Prompt
Would you print, word for word, only the lines running from the line with "People have always" to the last line of the entries, without the pictures?

++++

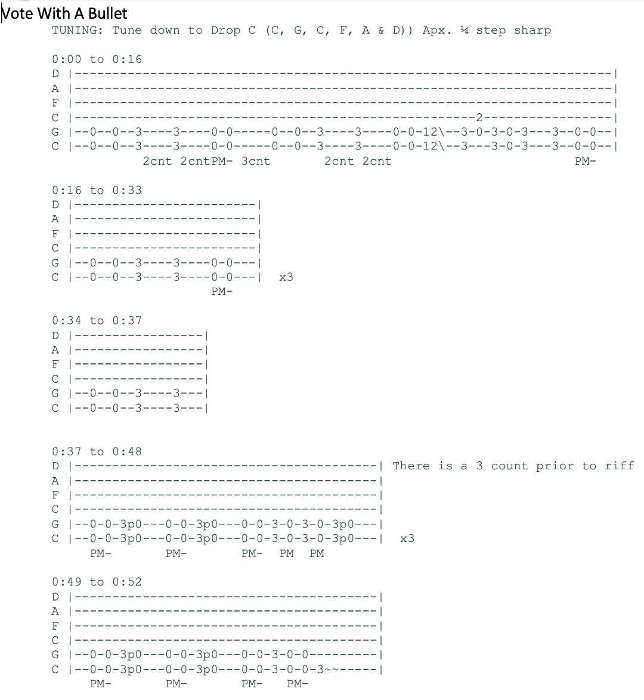But then the drummer starts doing some fills and the count's all gone. I mean the count's there, but you can't just figure it out from the hi-hat. So it's roughly going to be a count of two and then a count of three kind of in between the riffs.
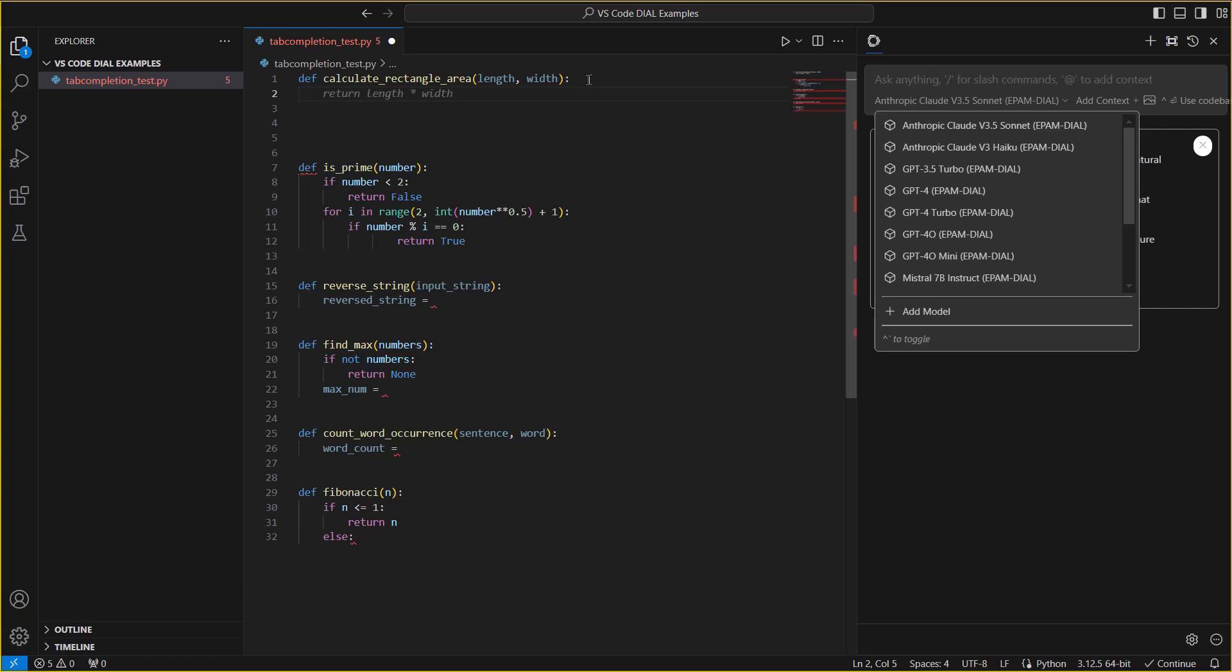You can see the AI generated suggestion in the ghost text. To put it into the real file, simply hit the tab key and it is inserted into your code.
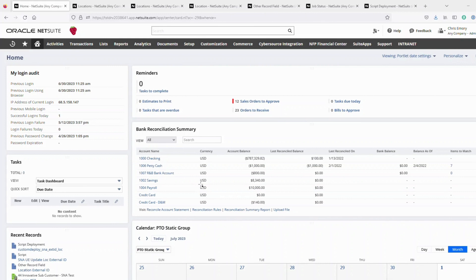Hello, I'm Chris Emery, and I'm a Senior Innovation Consultant here with Scale North, and I was going to talk to you about external IDs.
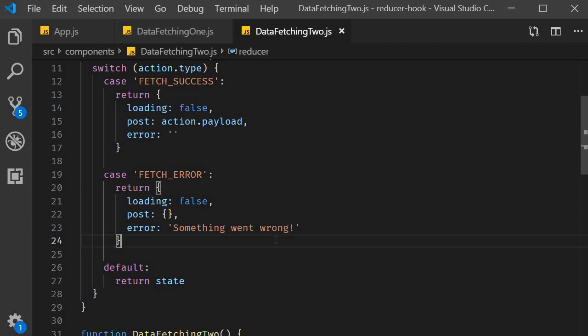Alright that brings us to the end of the series of examples related to useReducer. I hope you now have a better understanding of how the useReducer hook works in React. If you do, let's head over to the next video where we can finally answer the question I asked in the first video about useReducer which is if both useState and useReducer are meant for state management, when should we use one over the other? I'll see you guys in the next video.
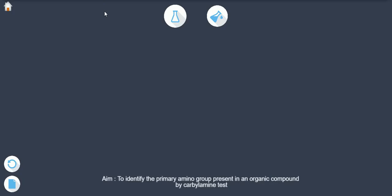Aim: To identify the primary amino group present in an organic compound by the carbylamine test.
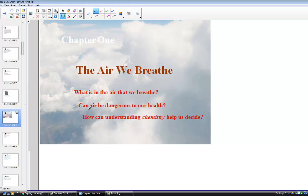People have always noticed and been a little curious about the air we breathe. And together with earth, fire, and water, the ancient Greeks named air — these were once considered the basic elements of nature.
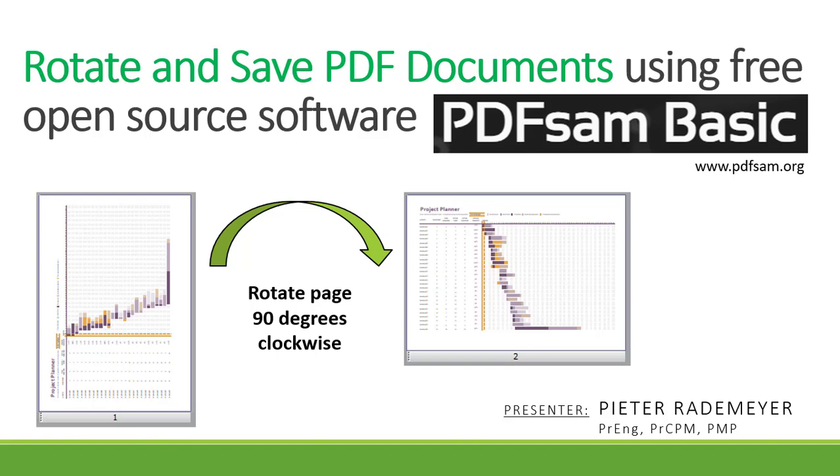In this video I'll be showing you how to rotate and save a PDF document using the free open source software PDF-SAM-BASIC. You can download and install the PDF-SAM-BASIC software from www.pdfsam.org.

++++

Response to the exercise
People have always noticed and been a little curious about the air we breathe. And together with earth, fire, and water, the ancient Greeks named air — these were once considered the basic elements of nature.
In this video I'll be showing you how to rotate and save a PDF document using the free open source software PDF-SAM-BASIC. You can download and install the PDF-SAM-BASIC software from www.pdfsam.org.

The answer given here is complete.